A new mineral species, hydroxymcglassonite-(K), ideally KSr4Si8O20(OH)·8H2O, has been found in the Wessels mine, Kalahari Manganese Field, Northern Cape Province, South Africa. It is granular (<0.05 mm), associated with meieranite, sugilite, aegirine, pectolite, and yuzuxiangite. The mineral is colorless, transparent with a white streak and a vitreous luster. It is brittle and has a Mohs hardness of 4.5–5.0; cleavage is perfect on {001} and no parting or twinning was observed. The measured and calculated densities are 2.60(3) and 2.614 g/cm3, respectively. Optically, hydroxymcglassonite-(K) is uniaxial (+), with ω = 1.555(5), ε = 1.567(5) (white light), and absorption O > E. Hydroxymcglassonite-(K) is insoluble in water or hydrochloric acid. An electron microprobe analysis yielded an empirical formula (based on 13 non-H cations pfu) K1.01(Sr2.99Ca1.03)Σ4.02Si7.99O20(OH)·8H2O, which can be simplified to K(Sr,Ca)4Si8O20(OH)·8H2O.

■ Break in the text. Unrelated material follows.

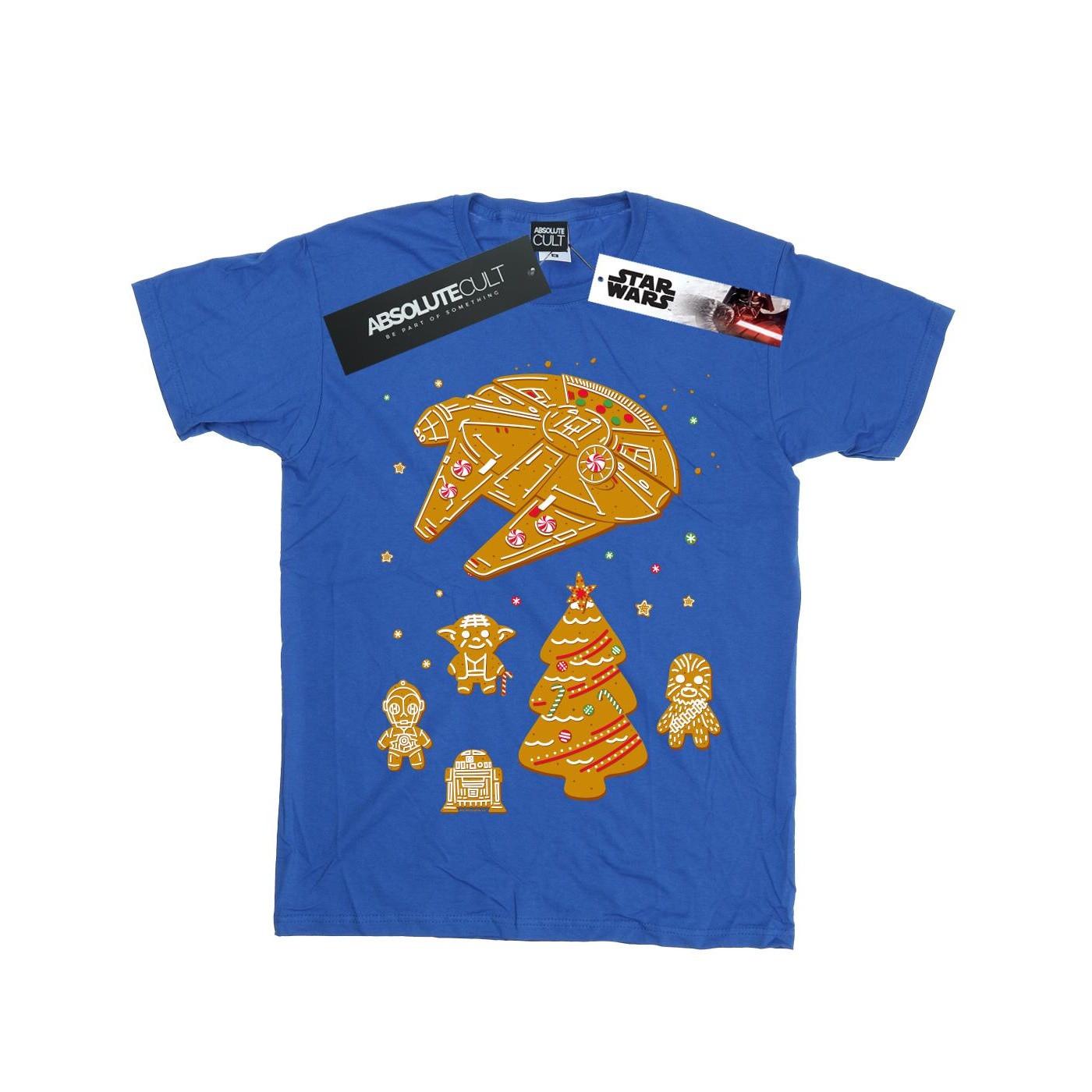 STAR WARS Gingerbread Rebels TShirt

Hydroxymcglassonite-(K) is tetragonal with space group P4/mnc and unit-cell parameters a = 9.0792(2), c = 16.1551(9) Å, V = 1331.70(9) Å3, and Z = 2. It is isostructural with hydroxyapophyllite-(K), KCa4Si8O20(OH)·8H2O, with Sr substituting for Ca. The crystal structure of hydroxy-mcglassonite-(K) is characterized by SiO4 tetrahedra sharing corners to form (Si8O20)8– sheets parallel to (001), which are connected by the K and B (= Sr + Ca) cations, as well as hydrogen bonding. The K cation is coordinated by eight H2O groups, and the average K–O distance of 2.941(3) Å is shorter than that of 2.950(3)–2.975(3) Å in hydroxyapophyllite-(K) or fluorapophyllite-(K). The B cation is sevenfold-coordinated (4O + 2H2O + OH), and the average B-O distance of 2.522(3) Å is noticeably longer than that of 2.422–2.435 Å in hydroxyapophyllite-(K) or fluorapophyllite-(K). The Raman spectra of hydroxymcglassonite-(K) and hydroxyapophyllite-(K) are very comparable, especially in the O-H stretching region. The discovery of hydroxymcglassonite-(K), the first Sr-bearing mineral of the apophyllite group, implies that more Sr-bearing members of the group may be found in nature or synthesized in laboratories, but the possibility for an incomplete solid solution between hydroxyapophyllite-(K) and hydroxymcglassonite-(K), due to the size difference between Sr2+ and Ca2+, cannot be ruled out.